---------- Input data

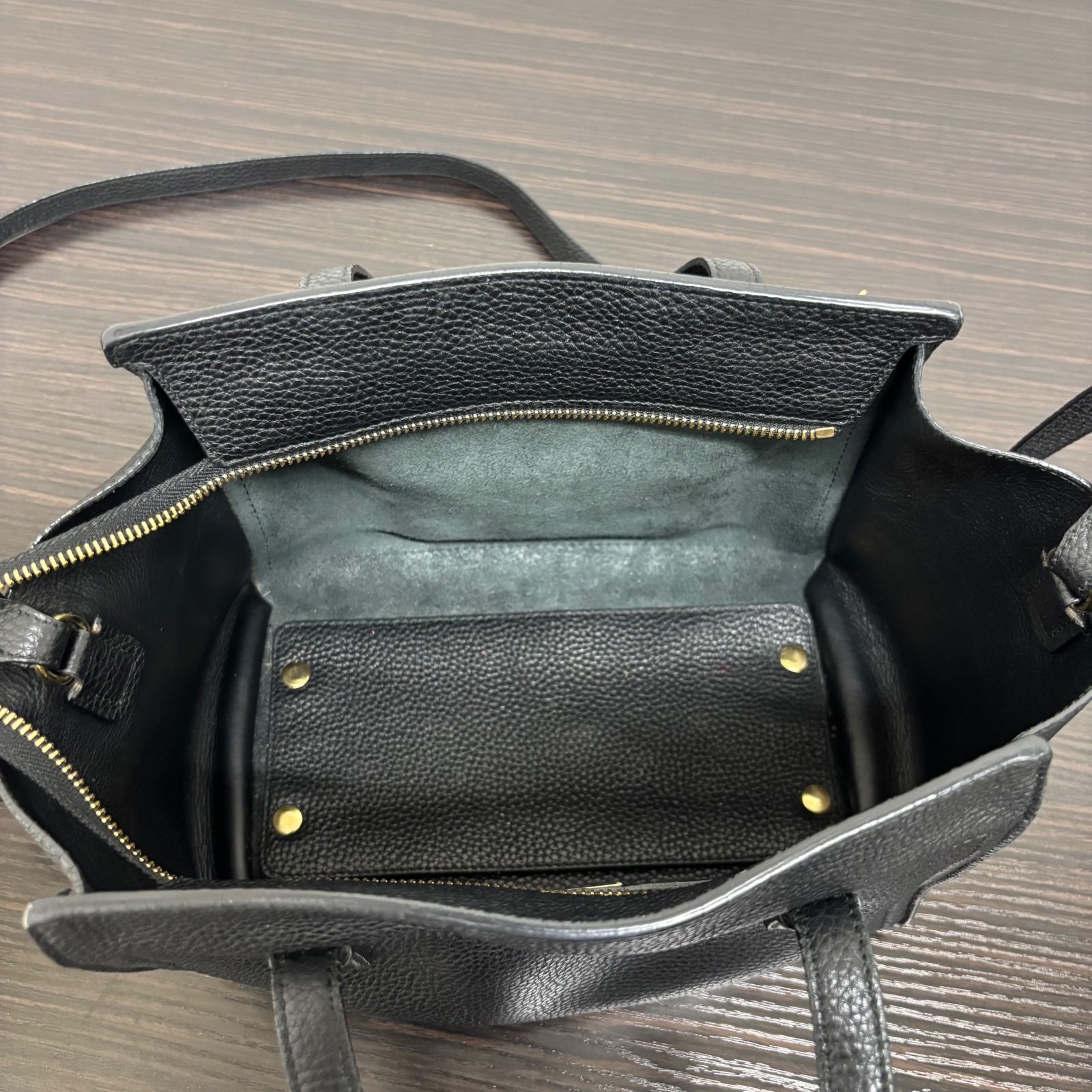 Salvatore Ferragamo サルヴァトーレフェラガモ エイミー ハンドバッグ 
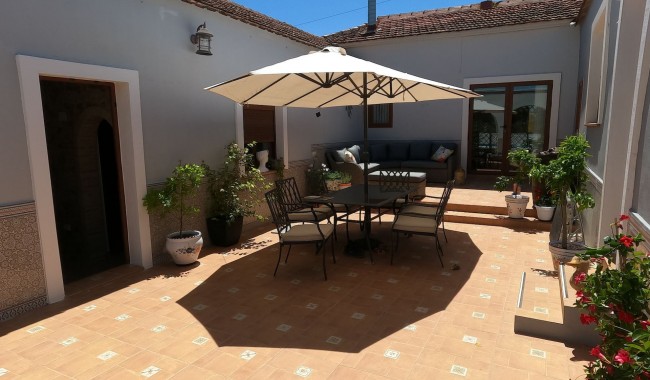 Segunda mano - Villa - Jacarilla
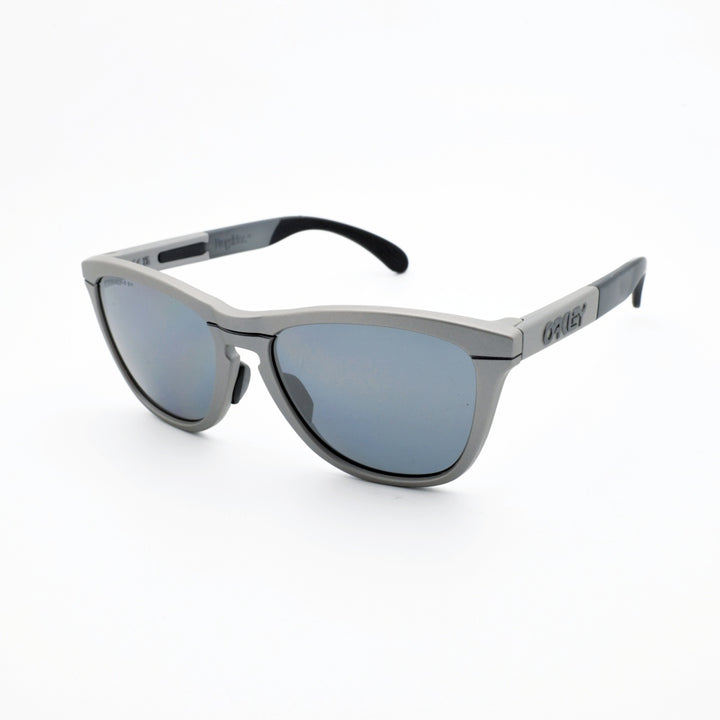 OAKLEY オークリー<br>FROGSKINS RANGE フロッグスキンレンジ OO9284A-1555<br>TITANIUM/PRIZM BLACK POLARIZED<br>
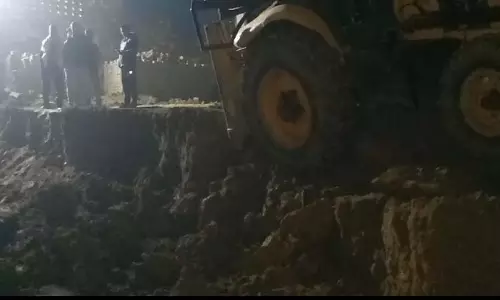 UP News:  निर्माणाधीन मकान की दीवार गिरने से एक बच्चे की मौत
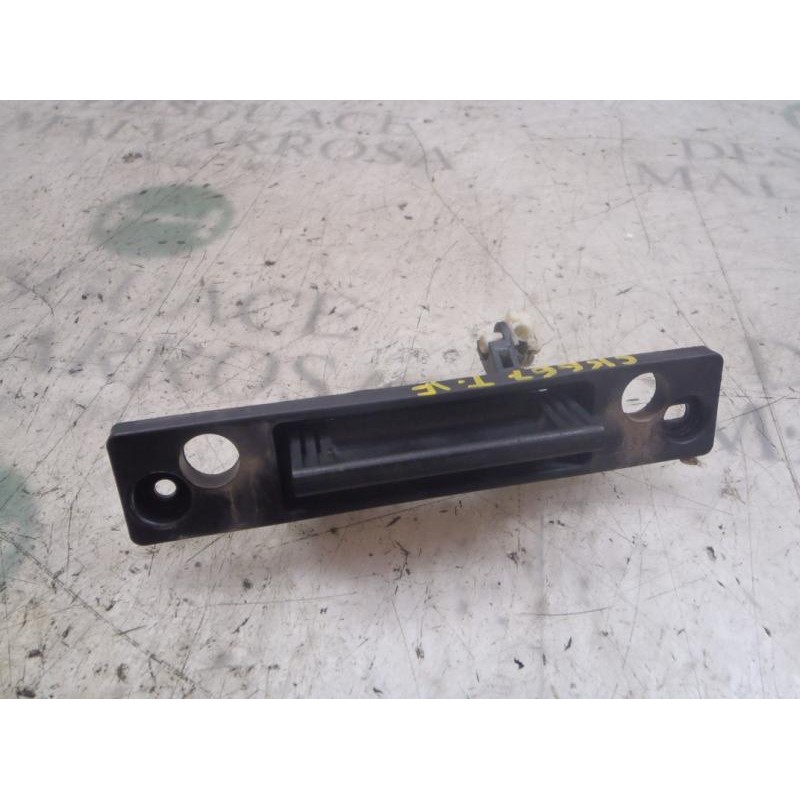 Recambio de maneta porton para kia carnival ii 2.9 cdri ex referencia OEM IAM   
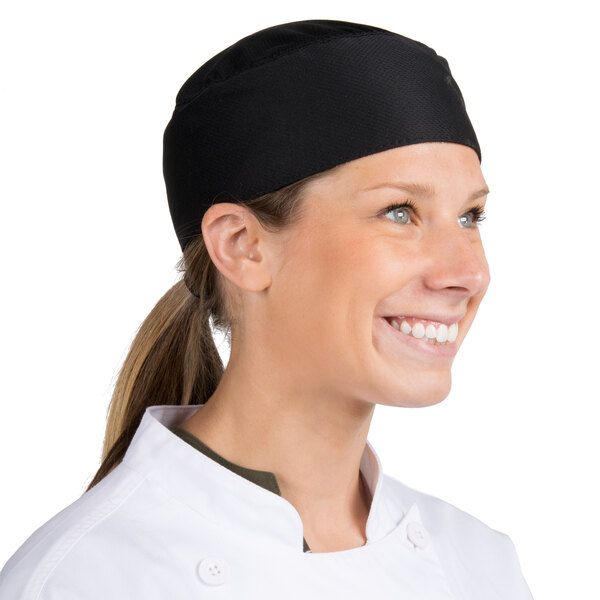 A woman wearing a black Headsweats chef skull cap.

--------------------

What the task asks
Return every line above word for word, minus images.

Your solution
 Salvatore Ferragamo サルヴァトーレフェラガモ エイミー ハンドバッグ 
 Segunda mano - Villa - Jacarilla
 OAKLEY オークリー<br>FROGSKINS RANGE フロッグスキンレンジ OO9284A-1555<br>TITANIUM/PRIZM BLACK POLARIZED<br>
 UP News:  निर्माणाधीन मकान की दीवार गिरने से एक बच्चे की मौत
 Recambio de maneta porton para kia carnival ii 2.9 cdri ex referencia OEM IAM   
 A woman wearing a black Headsweats chef skull cap.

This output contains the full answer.